Use the following links to brush up basics: https://www.geeksforgeeks.org/basic-database-concepts/



## SQLite

* Python comes with built-in support for a very lightweight database called SQLite.
* It’s a file-based database engine. This means that the entire database is stored in a single file on your computer, making it very easy to set up and use—no separate server installation is needed.
* SQLite is perfect for learning because it’s simple and doesn’t require any complex configuration. It’s great for small projects, prototyping, or even for mobile applications where a full-scale server isn’t needed.


### We will go over a basic example with the various steps involved:
Connecting to the Database:

In [2]:
import sqlite3
conn = sqlite3.connect(':memory:') # I’m using an in-memory database (this means the database is stored in your RAM and is temporary) by passing ':memory:' to sqlite3.connect(). Can be replaced by filename if file exists.
# in memory, it only lasts as long as the program.
# This conn variable is our connection to the database.

Creating a Table:

In [3]:
cursor = conn.cursor() #a connection (conn) object represents the active link to a database, while a cursor object facilitates the execution of SQL queries and retrieval of results.
cursor.execute('''
    CREATE TABLE students (
        id INTEGER PRIMARY KEY,
        name TEXT,
        grade REAL
    )
''')
#cursor to send SQL commands.
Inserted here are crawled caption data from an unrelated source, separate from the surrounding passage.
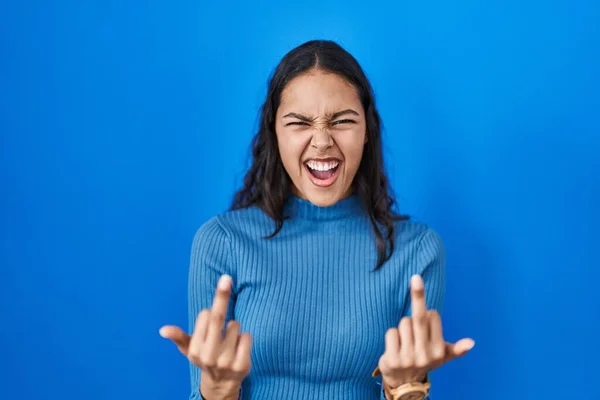 Young Brazilian Woman Standing Blue Isolated Background Showing Middle Finger — Stockfoto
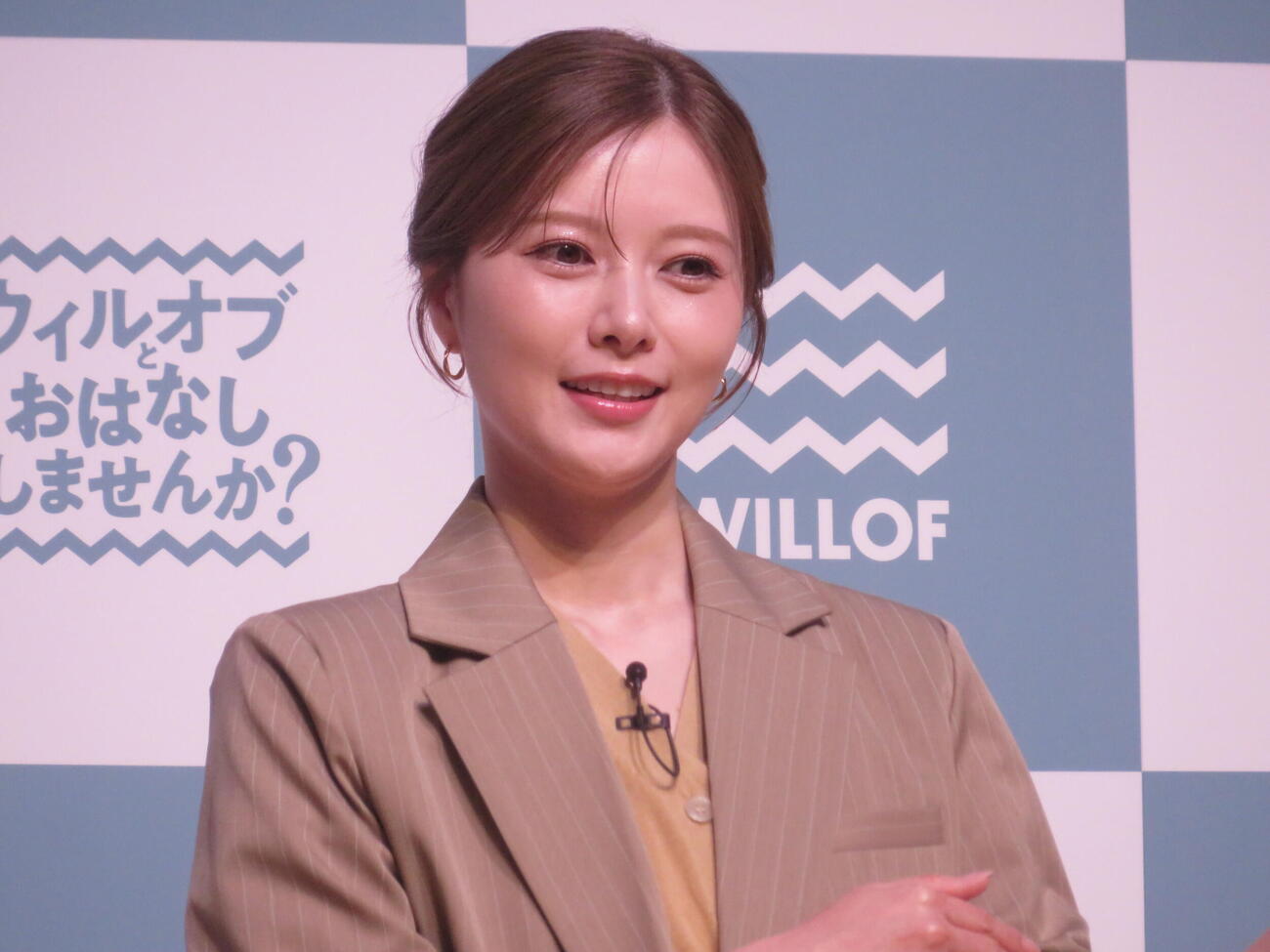 「ウィルオブ新CM発表会」に登壇した白石麻衣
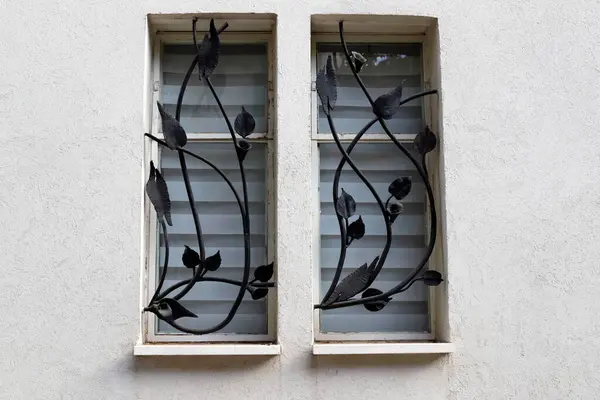 Ein Kleines Fenster Einem Alten Einstöckigen Haus — Stockfoto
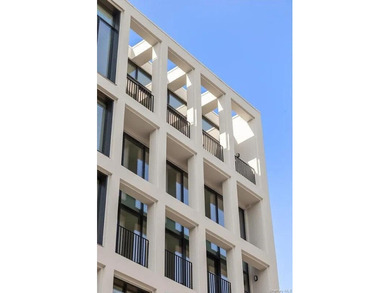 PH1, an awe-inspiring 4-bedroom duplex residence in The - photo 24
The id is our primary key and will auto-increment.

<sqlite3.Cursor at 0x7f4b4b2cf940>

Inserting Data:

In [4]:
cursor.execute("INSERT INTO students (name, grade) VALUES ('Alice', 90)")
cursor.execute("INSERT INTO students (name, grade) VALUES ('Bob', 85)")
conn.commit() # tells the database to save the changes.

Querying the Data:

In [5]:
cursor.execute("SELECT * FROM students")
rows = cursor.fetchall()
print("Students:", rows)
# to save in :memory: database to a file, only needed in such a situation.
conn.execute("VACUUM main INTO 'database1.db'")

conn.close() # automatically saves database file if opened from a file not in :memory:.

Students: [(1, 'Alice', 90.0), (2, 'Bob', 85.0)]